BoE governor Mervyn King will be required to write an open letter to the Chancellor of the Exchequer Gordon Brown if the annual rate of CPI inflation goes above 3.0 pct or falls short of 1.0 pct. The central bank is charged with keeping the rate at 2.0 pct.
Blanchflower, who casted the lone vote against the rate hike in August also said that he believes the UK labour market will weaken.
"I also believe we will see a decline in the employment rate and further rise in unemployment going forward because of the current composition of employment growth," he said.
He said the big rises in employment in the the public sector or even from self-employment like that of the past few years are unlikely.
"At present, I see no evidence of any second-round wage effects from the recent oil price increases," he added.
Blanchflower suggested that official data from the Office of National Statistics may be slightly overestimating wage growth because the average earnings index excludes data from workers at the lower-end of the wage distribution scale.

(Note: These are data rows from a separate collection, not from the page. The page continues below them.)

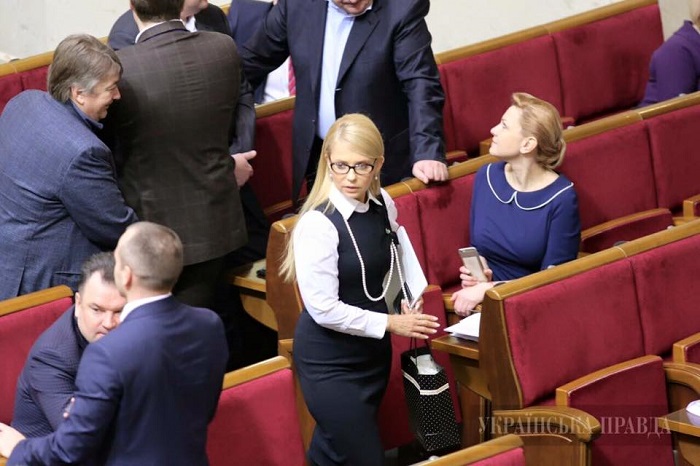 Тимошенко перевершила Оксану Продан новою зачіскою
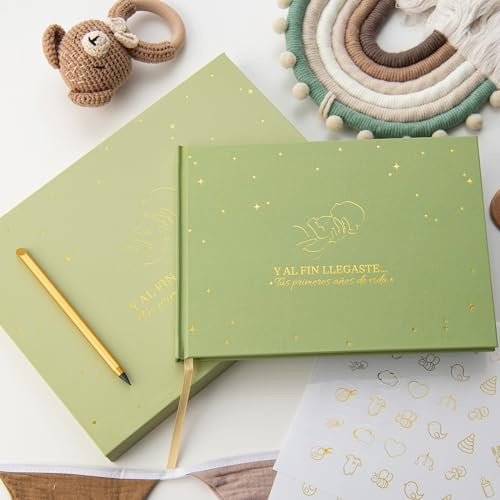 PROENMU® Album Fotos Bebe Primer Año + Lápiz Metálico + Caja Regalo con Cierre Magnético + Pegatinas | Libro Recuerdos Bebe | Album Bebe Recien Nacido hasta los 5 Años (Español) (Verde, ESPAÑOL)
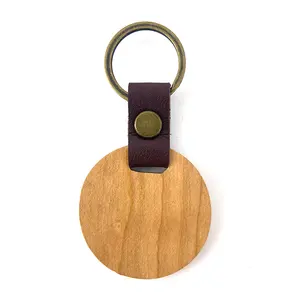 Oem Fashionable Custom Wooden Keychain Factory Price Engraved Name Wood Keychain Blank Wooden Beads Key Chain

He noted that the ONS calculates the average earnings index using survey data from firms that employ more than 19 people, excluding smaller firms which are frequently non-union and have lower and more flexible wages than those of bigger, unionised workplaces.
Their earnings are likely to be flexible downwards in periods of rising unemployment and reduced work opportunities, he said.
"Hence the AEI and other similar measures tend to overestimate wage growth in the economy when there is slack in the labour market. This makes it more difficult to assess the current level of wage pressure," he said.